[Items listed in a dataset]
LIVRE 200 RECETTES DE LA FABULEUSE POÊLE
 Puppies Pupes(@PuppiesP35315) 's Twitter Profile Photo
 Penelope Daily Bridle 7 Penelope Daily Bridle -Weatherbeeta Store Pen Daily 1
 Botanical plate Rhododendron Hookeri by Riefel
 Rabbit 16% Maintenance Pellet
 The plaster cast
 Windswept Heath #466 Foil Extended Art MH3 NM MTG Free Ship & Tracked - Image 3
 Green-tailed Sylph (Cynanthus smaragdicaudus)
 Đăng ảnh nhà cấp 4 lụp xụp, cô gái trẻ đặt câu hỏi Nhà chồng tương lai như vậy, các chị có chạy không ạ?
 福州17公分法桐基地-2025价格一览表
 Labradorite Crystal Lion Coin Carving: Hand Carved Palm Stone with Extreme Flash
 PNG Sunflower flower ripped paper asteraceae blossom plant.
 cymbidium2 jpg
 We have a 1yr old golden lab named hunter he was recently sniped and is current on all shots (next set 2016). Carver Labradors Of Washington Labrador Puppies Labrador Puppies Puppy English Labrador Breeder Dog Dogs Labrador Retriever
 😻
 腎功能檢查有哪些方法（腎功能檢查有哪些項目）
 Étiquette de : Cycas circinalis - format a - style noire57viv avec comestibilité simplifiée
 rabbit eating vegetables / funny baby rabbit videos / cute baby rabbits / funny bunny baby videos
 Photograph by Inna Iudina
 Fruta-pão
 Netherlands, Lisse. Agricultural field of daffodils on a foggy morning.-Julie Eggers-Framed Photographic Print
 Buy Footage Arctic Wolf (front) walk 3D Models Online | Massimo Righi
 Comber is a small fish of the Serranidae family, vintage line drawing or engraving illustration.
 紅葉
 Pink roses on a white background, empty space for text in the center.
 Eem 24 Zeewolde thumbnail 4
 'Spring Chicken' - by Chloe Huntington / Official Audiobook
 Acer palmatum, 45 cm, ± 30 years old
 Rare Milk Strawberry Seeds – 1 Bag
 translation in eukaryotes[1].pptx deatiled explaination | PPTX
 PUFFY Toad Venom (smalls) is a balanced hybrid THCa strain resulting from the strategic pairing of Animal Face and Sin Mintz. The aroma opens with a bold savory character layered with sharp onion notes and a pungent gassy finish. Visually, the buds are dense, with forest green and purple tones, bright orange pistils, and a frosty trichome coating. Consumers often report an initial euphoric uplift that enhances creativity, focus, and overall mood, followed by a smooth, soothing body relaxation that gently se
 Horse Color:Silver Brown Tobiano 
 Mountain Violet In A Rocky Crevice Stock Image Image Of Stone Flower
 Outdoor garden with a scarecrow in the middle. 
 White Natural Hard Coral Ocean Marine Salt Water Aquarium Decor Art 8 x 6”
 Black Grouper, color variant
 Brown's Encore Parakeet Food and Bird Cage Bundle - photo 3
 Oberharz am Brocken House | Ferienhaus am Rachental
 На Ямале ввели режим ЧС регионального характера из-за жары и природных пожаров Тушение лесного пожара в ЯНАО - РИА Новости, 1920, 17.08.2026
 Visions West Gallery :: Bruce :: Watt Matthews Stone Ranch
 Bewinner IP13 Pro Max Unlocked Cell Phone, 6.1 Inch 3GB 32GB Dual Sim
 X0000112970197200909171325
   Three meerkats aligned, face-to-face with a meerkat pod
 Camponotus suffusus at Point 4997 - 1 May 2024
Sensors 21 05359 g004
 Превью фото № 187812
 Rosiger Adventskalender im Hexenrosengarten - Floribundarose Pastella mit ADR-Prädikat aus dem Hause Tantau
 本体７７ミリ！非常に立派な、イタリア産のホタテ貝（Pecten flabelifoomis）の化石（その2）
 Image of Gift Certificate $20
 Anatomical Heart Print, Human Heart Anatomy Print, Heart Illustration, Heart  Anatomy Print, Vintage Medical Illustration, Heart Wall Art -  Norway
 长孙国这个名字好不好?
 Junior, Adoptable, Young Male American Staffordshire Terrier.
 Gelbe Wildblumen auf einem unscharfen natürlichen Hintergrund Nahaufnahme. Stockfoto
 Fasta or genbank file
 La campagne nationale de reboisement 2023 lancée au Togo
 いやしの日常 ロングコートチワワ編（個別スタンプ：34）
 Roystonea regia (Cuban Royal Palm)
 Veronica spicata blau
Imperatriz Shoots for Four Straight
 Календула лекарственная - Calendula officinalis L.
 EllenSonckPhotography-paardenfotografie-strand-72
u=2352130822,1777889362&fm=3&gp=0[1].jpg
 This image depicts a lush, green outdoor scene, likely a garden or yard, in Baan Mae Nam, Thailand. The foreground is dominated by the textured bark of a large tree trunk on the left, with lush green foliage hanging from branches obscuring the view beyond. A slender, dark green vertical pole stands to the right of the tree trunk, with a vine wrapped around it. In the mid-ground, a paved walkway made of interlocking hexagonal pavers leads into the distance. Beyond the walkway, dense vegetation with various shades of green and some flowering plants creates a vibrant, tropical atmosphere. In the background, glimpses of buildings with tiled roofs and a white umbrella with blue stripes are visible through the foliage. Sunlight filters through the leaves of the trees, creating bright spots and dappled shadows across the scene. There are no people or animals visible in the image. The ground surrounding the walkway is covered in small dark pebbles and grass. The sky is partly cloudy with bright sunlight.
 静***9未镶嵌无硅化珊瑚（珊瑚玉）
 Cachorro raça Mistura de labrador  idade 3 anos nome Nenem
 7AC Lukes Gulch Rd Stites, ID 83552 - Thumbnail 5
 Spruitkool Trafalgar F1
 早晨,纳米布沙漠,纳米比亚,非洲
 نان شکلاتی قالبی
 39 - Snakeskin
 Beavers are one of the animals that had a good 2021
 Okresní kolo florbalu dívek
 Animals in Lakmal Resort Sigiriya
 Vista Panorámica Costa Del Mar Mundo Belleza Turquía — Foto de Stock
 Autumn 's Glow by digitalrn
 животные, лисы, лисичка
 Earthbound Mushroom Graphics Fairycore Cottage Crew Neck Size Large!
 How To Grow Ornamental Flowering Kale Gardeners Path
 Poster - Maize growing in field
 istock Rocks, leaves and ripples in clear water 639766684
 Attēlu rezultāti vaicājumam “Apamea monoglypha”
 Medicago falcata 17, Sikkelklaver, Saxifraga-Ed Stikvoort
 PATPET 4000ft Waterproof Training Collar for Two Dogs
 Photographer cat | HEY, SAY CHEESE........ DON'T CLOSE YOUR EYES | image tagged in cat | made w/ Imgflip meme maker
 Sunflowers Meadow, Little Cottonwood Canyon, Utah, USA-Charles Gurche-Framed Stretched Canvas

### YOUR GOAL
Please give the number of lines in the entries above that hold "Framed", with no other words.

### TASK OUTPUT
2